That's why people out there should not mess with JET boaters. [-X


----------



## Seth (May 27, 2009)

I was thinking of getting it not for performance, but just being able to raise and lower the motor without having to man handle is manually. The soaking people thing might come in handy once in a while too. :lol:


----------



## 2007NNBS (May 28, 2009)

cmc is nice but $500 thats more than you pay for the motor sometimes


----------



## dturner (May 28, 2009)

ebay has some trim and tilt units, most are going to cost 300-500 $$. I would use a factory trim system. They just bolt on to the inside of your motors mounting bracket. Most of the work is going to be electrical. Hooking up a switch and trim relays. Im not trying to knock those cmc units, but i tried using a setback on a jet unit and it hurt my performance. I would try to keep my shoe of my jet unit as close to the boat as possible. The further you get the shoe from the boat lets water inside the pump casing it to cavitate. therefore getting a factory trim and tilt would not set your motor back like a cmc would.

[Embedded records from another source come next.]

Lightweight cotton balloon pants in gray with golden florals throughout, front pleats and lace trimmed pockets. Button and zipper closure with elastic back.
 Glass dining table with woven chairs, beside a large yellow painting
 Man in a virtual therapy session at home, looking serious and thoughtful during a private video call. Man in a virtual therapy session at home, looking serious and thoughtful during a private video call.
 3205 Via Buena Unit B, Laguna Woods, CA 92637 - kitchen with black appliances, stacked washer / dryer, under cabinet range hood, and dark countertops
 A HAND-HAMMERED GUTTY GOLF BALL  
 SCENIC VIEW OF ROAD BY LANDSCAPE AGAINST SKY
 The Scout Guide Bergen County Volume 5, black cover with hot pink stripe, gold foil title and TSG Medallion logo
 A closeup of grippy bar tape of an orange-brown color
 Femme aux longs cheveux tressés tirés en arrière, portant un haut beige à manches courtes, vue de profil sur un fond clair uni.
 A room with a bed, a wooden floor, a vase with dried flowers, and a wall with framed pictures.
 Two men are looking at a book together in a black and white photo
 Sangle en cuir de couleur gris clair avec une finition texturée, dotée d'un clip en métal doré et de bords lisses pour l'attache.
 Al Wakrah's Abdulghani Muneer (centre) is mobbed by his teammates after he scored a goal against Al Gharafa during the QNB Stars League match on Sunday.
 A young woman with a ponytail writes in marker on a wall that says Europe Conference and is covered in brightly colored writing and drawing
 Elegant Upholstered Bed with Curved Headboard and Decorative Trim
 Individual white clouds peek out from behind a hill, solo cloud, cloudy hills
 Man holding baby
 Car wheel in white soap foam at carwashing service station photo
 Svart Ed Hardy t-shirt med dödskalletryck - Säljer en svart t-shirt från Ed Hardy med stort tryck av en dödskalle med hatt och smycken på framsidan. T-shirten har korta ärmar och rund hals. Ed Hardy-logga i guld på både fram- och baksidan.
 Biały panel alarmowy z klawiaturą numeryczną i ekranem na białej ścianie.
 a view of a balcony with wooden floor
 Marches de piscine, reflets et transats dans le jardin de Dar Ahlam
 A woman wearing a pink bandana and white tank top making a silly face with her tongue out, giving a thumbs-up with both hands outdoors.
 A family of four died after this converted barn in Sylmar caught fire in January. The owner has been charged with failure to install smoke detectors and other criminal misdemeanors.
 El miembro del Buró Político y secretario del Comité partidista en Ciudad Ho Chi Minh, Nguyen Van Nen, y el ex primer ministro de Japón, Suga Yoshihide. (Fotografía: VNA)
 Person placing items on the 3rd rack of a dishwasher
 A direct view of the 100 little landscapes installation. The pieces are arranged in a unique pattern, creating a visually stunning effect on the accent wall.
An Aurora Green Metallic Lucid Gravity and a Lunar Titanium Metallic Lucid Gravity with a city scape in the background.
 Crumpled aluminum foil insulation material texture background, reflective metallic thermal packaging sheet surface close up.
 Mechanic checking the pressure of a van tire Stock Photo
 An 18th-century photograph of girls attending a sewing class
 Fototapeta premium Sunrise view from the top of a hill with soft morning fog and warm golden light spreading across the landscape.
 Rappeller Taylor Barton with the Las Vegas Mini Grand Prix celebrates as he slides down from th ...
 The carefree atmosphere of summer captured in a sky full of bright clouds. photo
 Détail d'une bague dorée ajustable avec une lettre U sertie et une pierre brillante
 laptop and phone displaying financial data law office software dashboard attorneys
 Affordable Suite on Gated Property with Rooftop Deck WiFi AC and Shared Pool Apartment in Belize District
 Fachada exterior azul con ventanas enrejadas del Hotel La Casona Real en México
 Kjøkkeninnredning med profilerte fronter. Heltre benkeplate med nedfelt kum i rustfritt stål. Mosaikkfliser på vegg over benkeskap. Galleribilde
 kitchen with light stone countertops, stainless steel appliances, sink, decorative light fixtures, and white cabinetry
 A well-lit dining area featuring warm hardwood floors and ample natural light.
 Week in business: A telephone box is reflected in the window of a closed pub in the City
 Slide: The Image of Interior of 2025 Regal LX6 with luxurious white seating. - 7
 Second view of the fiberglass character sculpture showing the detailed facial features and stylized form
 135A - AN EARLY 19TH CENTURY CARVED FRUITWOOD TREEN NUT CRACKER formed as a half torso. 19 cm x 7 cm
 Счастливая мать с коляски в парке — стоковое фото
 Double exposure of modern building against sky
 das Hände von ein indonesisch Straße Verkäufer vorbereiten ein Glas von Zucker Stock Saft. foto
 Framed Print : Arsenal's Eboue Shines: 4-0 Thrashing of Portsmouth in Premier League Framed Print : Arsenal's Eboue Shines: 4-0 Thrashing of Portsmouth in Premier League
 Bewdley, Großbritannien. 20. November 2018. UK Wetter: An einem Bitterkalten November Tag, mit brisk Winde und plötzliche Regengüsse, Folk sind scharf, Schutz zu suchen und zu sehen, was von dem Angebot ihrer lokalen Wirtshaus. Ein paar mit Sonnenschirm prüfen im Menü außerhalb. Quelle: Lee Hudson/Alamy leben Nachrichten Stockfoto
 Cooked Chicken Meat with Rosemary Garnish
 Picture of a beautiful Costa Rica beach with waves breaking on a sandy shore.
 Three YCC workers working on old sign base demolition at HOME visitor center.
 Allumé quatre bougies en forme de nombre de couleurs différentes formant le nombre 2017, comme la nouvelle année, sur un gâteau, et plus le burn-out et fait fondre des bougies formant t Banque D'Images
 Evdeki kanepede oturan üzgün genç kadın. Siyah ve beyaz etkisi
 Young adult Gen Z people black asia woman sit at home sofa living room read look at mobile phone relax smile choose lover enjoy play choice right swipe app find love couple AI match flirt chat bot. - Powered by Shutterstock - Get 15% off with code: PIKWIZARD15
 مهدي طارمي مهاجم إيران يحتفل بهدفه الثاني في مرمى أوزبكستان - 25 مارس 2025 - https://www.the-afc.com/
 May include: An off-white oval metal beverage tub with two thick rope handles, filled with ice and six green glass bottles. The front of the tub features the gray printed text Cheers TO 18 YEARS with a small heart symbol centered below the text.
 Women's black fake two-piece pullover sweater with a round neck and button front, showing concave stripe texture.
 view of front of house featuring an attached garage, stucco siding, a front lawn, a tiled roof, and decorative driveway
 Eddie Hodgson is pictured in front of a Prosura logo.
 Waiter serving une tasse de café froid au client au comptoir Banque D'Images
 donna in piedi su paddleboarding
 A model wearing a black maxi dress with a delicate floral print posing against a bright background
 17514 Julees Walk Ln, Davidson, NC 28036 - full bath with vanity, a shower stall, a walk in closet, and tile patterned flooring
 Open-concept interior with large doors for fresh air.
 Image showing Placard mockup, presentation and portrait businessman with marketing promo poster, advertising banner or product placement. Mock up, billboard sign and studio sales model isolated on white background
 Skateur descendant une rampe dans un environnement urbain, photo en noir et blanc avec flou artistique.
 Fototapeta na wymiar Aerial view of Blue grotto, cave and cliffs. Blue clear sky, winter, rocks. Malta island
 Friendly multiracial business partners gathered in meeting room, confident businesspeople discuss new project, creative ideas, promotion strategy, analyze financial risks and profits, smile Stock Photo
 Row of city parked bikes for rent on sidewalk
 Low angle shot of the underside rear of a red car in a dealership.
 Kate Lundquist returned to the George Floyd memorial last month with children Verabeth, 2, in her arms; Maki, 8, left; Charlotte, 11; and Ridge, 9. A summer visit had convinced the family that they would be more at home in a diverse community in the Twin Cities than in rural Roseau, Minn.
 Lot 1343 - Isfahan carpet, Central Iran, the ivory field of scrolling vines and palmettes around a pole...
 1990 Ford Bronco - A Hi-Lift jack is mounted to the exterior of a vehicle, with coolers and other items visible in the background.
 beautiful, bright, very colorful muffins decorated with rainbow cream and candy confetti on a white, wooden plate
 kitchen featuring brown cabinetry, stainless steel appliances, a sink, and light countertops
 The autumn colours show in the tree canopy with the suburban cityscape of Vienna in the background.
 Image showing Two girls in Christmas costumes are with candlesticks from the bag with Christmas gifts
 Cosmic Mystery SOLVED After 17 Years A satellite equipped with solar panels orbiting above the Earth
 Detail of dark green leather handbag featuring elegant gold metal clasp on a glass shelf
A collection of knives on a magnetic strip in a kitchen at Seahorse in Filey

Having drove and fished in a boat with and without trim and tilt. I would recomend getting it. it makes things so much easier for fishing, trolling in shallow places, planing off, top end performance.

just my $0.02


----------



## willfishforfood (May 30, 2009)

a friend upgraded his 80 Merc jet to power trim when he found a blown motor on Cragslist for $200 for the whole thing


----------



## Riverjet502 (Feb 3, 2010)

Actually I am surprised that Place Diverter doesn't make a diverter for the outboard jets. (Maybe it's not enough demand)?? Trimming a outboard jet using the stock outboard trim is going to be basicly worthless. You need to trim the nozzle like on a real jet boat not the power head. On a jetboat just picking the nozzle up a few degrees will lift the bow. Pictured below is a Place Diverter with hydraulic action. I would never run a quirt boat with out one. They make that much of a difference, you can feel the hull rise from the drivers seat. And we all know what less wetted surface means!!!!!


----------